Basic Information
Théodore Géricault was a French artist, known for his works in the medium of painting and lithography, mostly in the style known as Romanticism. He lived from 1791 to 1824. Much of his artwork had military themes.
His most famous work is Raft of the Medusa, an epic painting detailing the fates of the crew and passengers of The Medusa, a ship that wrecked in 1816. Nearly 150 people were set adrift on a makeshift raft when The Medusa went down, and only 15 of them survived, after having to resort to cannibalism. The sinking was a national disgrace, and an international scandal. Many attributed the wreck to the French Captain acting under the authority of the recently restored French Monarchy.
Later, Gericault painted a series of portraits of 10 insane people, each with a different form of insanity. The subjects of his paintings were the patients of his friend Dr Etienne-Jean Georget. These included portraits of a kidnapper, a kleptomaniac, a gambling addict, and a woman "consumed with envy". Only 5 of the 10 paintings have survived to the modern era.
He also painted still-lifes of severed heads and limbs.
At the time of his death, Gericault was working on additional epic works, reminiscent of his Raft of the Medusa. These new compositions focused on the Spanish Inquisition, and the African Slave Trade.
Sources
Game and Story Use
- With the portraits of mental patients and severed limbs, Gericault seems like a natural character for any supernatural horror game set in the 1800s. Unfortunately, he died while Edgar Allen Poe was only 15, but if you play loose with the calendar, you might contrive a way to make them both feel at home in the same setting.
- Games set after that era, could easily use his works as reference materials, or as part of a sinister backstory.
- In a Cthulhu-esque game, his now-lost portraits of the insane might have unsettling effects on those who view them. Only the less harmful works might be known publicly to have survived, and the disturbing ones are in some collector's vault, or a back room at the Louvre.
- There's an odd humor in the notion that pictures of the Romantic movement might have some sinister power or backstory. Many of his lesser works put a heroic or pretty face on what would in real life be very traumatic.
- Perhaps his paintings might have a reverse Dorian Grey effect, dragging the madness out of the subject and imprisoning it in canvas. Destroying one might be a really bad idea.

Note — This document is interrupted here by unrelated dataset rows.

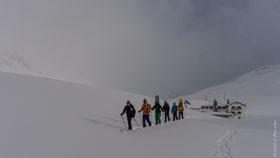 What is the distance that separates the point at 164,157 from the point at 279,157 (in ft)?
12.7

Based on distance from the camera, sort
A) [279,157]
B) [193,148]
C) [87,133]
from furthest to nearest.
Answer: [87,133] < [193,148] < [279,157]

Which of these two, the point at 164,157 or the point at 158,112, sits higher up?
the point at 158,112

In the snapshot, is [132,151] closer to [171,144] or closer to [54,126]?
[171,144]

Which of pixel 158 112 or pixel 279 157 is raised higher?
pixel 158 112

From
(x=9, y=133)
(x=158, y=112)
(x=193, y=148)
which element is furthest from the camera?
(x=158, y=112)

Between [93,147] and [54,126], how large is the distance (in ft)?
11.6

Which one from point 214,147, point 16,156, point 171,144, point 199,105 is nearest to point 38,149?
point 16,156

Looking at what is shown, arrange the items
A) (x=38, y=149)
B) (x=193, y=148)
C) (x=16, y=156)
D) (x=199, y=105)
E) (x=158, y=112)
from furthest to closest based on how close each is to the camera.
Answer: (x=199, y=105), (x=158, y=112), (x=193, y=148), (x=38, y=149), (x=16, y=156)

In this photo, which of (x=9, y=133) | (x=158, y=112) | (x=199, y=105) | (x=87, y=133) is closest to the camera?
(x=9, y=133)

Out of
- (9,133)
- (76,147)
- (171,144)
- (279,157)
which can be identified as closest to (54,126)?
(9,133)

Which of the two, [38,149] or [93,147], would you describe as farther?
[93,147]

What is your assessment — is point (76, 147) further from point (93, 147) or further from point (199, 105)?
point (199, 105)

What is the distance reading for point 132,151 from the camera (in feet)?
31.1

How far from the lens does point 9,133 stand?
9742 mm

- The Medusa is certainly an interesting name for a ship, isn't it? In the real world, it's a harmless classical reference, but in an RPG it may have a more sinister meaning.
- What caused the disaster, and are there clues to it hidden in Gericault's work?
- Was the ship attacked by a kraken/titan/cetus, a la Perseus and Andromeda and the head of Medusa? Did it break apart on rocks, because of some sort of petrification? Would the Medusa have made it home safe if only they'd put it under the protection of a gorgoneion? Was there a coded myth blending into a prophecy?
- What caused the disaster, and are there clues to it hidden in Gericault's work?
- He died of tubercular infection, but in an RPG setting, it could be that someone killed him to prevent the completion of his final works, one of which was called "Opening The Doors of the Spanish Inquisition".
- The Raft of the Medusa is loaded with symbolism and meaning, so it could be featured in an art collection, auction, or art heist as a corroborating detail to reinforce your story themes about the failure, incompetence, or malfeasance of a captain or other representative agent of a government. (Like it did when it recently appeared on-screen during episode 5 of Falcon & The Winter Soldier.) Or, you know, to foreshadow an upcoming subplot about a sinking ship, or some other terrible disaster scenario, maybe even a donner party sort of situation. It's got a lot of history and significance, and a cool enough name to catch your players attention and possibly inspire them to go look it up on wikipedia.
- If your game is set in the right era, you might have the PCs end up on the Medusa, or have a character in the game whose backstory was surviving that, or maybe a raft of dead bodies washes up not far from the campaign. 1816 is also the year they called "Eighteen Hundred and Froze To Death", so there's a number of terrifying elements to play into a horror story set therein.